Segment Start: SOURCE DATA

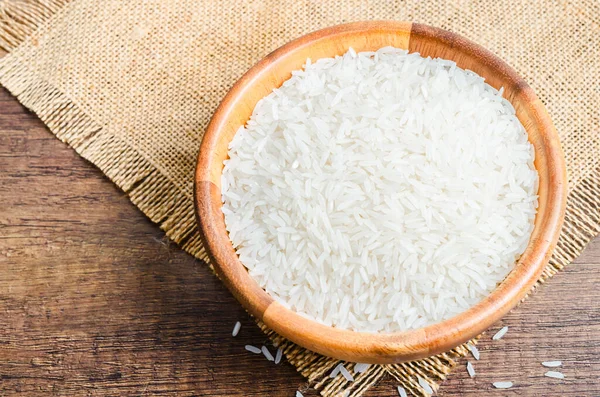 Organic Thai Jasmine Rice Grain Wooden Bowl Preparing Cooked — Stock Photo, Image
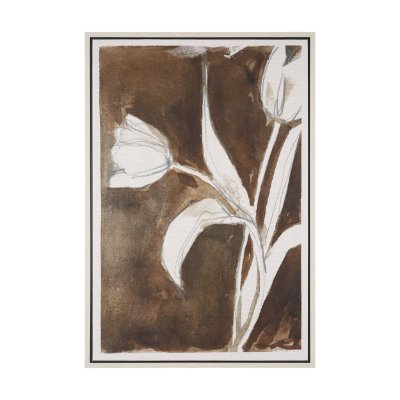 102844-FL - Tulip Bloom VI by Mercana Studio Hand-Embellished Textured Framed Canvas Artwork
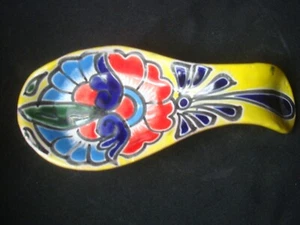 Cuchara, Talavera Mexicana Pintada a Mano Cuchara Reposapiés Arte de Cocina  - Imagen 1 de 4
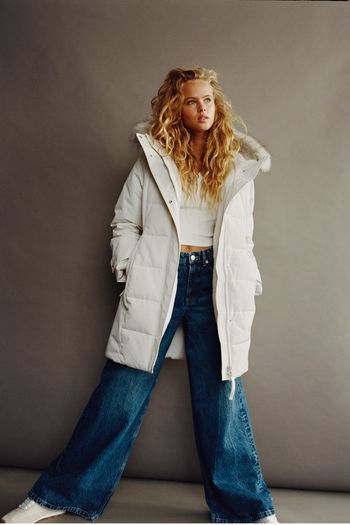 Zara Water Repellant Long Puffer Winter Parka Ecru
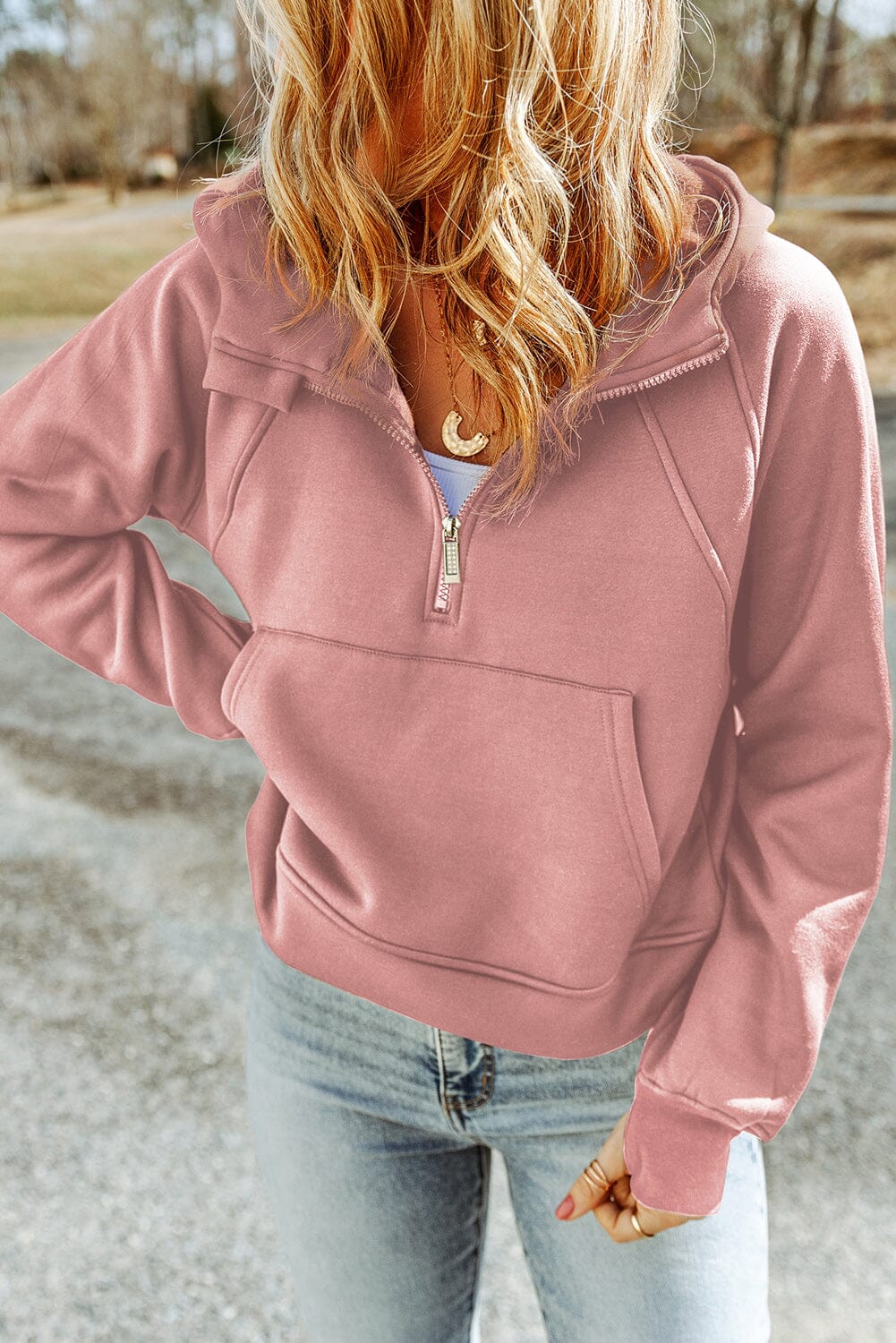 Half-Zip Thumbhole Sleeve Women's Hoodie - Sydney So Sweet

Segment End: SOURCE DATA
Segment Start: SOURCE DATA

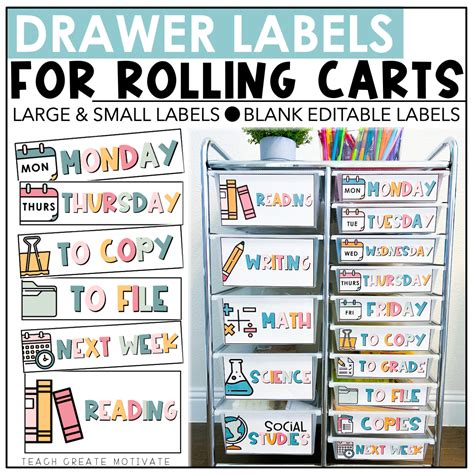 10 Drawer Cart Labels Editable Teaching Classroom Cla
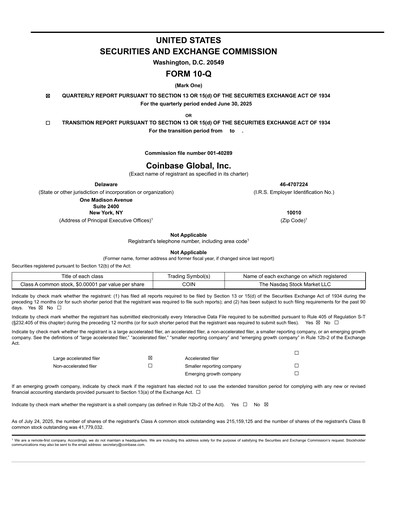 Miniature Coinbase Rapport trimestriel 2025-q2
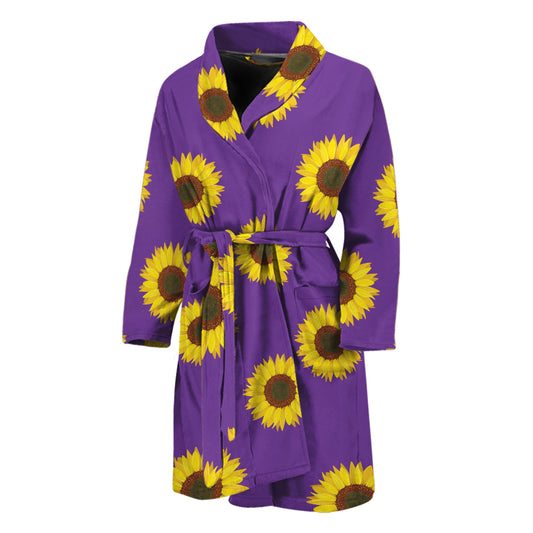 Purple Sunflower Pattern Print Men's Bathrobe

Segment End: SOURCE DATA

ABOUT THIS EXERCISE
From the records above, copy only the lines running from the line holding "Organic Thai Jasmine" through the line holding "Cuchara, Talavera Mexicana", with no pictures.

TASK SOLUTION
 Organic Thai Jasmine Rice Grain Wooden Bowl Preparing Cooked — Stock Photo, Image
 102844-FL - Tulip Bloom VI by Mercana Studio Hand-Embellished Textured Framed Canvas Artwork
 Cuchara, Talavera Mexicana Pintada a Mano Cuchara Reposapiés Arte de Cocina  - Imagen 1 de 4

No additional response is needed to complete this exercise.